Commentary: Child advocates released an analysis of the child care assistance program that they hope will have an impact on how the Children, Youth and Families Department (CYFD) spends an additional $20 million in federal funding. The new funding will come through the Child Care and Development Block Grant (CCDBG), which was recently increased by Congress. As CYFD begins its public hearings this week on how best to utilize the funds, policy analysts have this recommendation: fix the cliff effect.
The new report from New Mexico Voices for Children, “The Cliff Effect: One Step Forward, Two Steps Back,” explains the cliff effect and how it hurts low-income families, particularly those with young children.
“The cliff effect is what happens when you receive an increase in your income that’s large enough to put you over the eligibility threshold for assistance but is not as large as the value of the benefits it will cause you to lose,” said James Jimenez, Executive Director of NM Voices.

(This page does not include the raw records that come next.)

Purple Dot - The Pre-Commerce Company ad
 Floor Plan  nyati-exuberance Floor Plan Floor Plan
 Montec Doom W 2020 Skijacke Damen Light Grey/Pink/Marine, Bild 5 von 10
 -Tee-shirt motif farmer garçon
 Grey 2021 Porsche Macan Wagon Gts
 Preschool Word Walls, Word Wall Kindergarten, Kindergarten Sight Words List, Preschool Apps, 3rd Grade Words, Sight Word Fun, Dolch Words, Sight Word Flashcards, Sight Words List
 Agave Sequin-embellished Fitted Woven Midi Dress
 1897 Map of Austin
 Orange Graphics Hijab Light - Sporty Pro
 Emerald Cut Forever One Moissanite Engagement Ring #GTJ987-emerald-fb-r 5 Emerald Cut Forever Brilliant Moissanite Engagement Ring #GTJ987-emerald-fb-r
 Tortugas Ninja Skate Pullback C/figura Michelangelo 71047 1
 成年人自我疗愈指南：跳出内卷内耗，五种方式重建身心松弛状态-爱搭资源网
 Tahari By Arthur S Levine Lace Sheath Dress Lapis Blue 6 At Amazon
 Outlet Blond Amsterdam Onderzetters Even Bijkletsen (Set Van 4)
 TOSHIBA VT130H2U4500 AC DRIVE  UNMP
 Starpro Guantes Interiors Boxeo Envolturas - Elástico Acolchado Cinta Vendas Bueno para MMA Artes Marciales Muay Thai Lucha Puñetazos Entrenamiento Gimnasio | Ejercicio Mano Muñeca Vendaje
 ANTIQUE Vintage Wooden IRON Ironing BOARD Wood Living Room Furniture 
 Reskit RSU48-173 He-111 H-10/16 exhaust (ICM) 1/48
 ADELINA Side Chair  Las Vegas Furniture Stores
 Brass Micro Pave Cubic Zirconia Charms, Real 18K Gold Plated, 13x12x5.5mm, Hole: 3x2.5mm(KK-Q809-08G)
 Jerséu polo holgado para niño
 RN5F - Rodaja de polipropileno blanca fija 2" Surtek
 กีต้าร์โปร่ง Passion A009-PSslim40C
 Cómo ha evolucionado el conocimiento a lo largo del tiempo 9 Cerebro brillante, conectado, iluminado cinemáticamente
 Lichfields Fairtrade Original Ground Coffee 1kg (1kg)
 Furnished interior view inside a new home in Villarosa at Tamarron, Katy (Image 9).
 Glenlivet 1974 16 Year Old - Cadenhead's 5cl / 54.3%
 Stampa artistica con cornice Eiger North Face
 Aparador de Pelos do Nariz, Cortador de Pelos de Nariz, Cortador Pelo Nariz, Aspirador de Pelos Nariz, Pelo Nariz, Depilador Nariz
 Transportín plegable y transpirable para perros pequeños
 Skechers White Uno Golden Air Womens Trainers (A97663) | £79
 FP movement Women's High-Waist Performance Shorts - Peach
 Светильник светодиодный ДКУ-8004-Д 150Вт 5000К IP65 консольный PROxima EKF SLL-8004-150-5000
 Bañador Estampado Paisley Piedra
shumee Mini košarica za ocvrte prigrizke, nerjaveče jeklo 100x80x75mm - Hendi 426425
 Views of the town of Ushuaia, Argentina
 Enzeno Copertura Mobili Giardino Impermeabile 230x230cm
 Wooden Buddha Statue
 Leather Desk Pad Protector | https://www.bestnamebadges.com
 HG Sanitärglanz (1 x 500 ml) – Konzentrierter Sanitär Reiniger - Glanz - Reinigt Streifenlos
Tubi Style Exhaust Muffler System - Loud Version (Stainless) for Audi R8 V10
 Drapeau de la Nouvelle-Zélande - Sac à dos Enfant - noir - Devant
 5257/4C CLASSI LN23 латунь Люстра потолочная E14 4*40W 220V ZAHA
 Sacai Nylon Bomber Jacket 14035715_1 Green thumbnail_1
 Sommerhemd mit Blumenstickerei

“Work supports like child care assistance should help families improve their economic well-being. But when they act as a disincentive for accepting a raise in pay or promotion, they are working against the optimal outcome,” he added.
The report shows that a typical family of three—comprised in the report of an adult, a baby, and a four-year-old—can receive child care assistance when they’re earning up to just above $40,000. At this income level, the family still spends about 18 percent of their income on child care co-pays. But if the family income increases by just one dollar, the family loses all child care assistance and has to pay the full cost of child care—which amounts to 38 percent of their income, or almost double what they paid before.
“This family would have to receive a 20 percent raise in pay to cover what they would lose in child care assistance from a much smaller pay raise,” Jimenez added.
“Many families that are faced with the cliff effect have to make terrible choices,” said Armelle Casau, PhD, who co-authored the report. “Some turn down a pay increase, while others have to rely on a lower-cost—which usually means lower-quality—child care situation. Work supports should be designed so that they help parents succeed.”
The $20 million in new federal CCDBG funding could free up state funding to increase the eligibility level for child care assistance to minimize the sudden loss of benefits.